**WHAT THE TASK REQUIRES:** The records below are to be returned word for word, with pictures left out.

**MATERIAL FOR THIS TASK:**

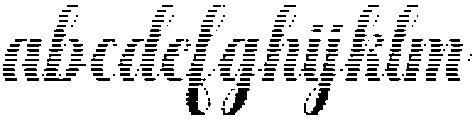 Hello Rainbow Hatching Slant 10 Regular otf (400) FONT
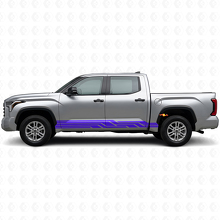 Autocollant en vinyle avec bandes entrelacées pour bas de caisse Toyota Tundra 2022+ 2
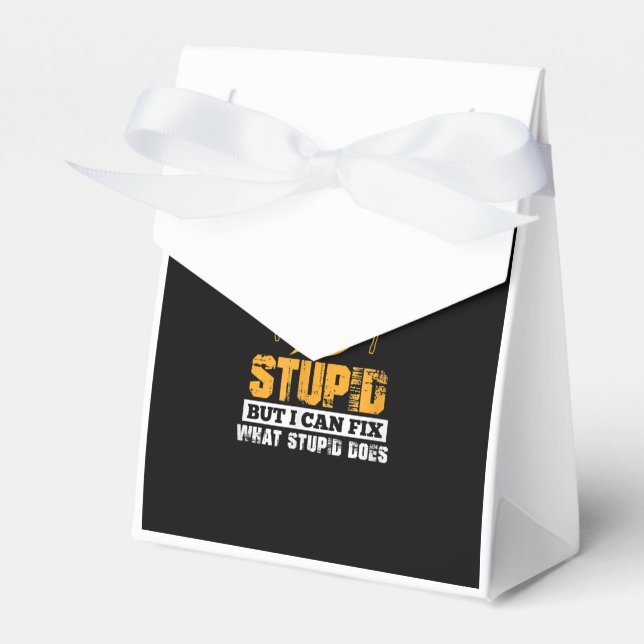 Mens Electricians Funny an an Electrician Ich kann Geschenkschachtel (Vorderseite)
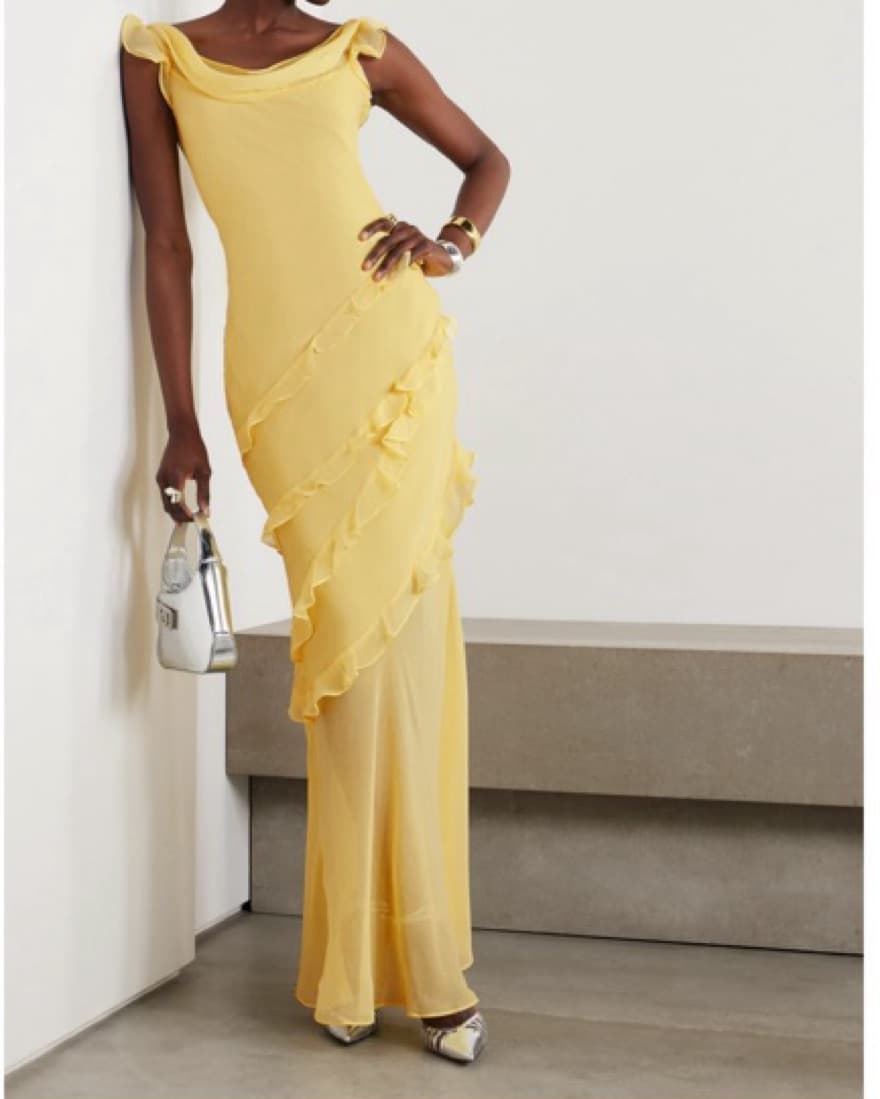 Yellow Saloni Gown - Image 2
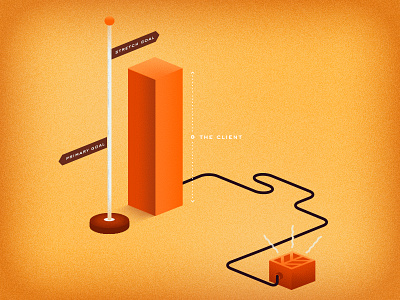 Goals action electricity flag goals illustration imm noise pole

**RESPONSE FOR THIS EXERCISE:**
 Hello Rainbow Hatching Slant 10 Regular otf (400) FONT
 Autocollant en vinyle avec bandes entrelacées pour bas de caisse Toyota Tundra 2022+ 2
 Mens Electricians Funny an an Electrician Ich kann Geschenkschachtel (Vorderseite)
 Yellow Saloni Gown - Image 2
 Goals action electricity flag goals illustration imm noise pole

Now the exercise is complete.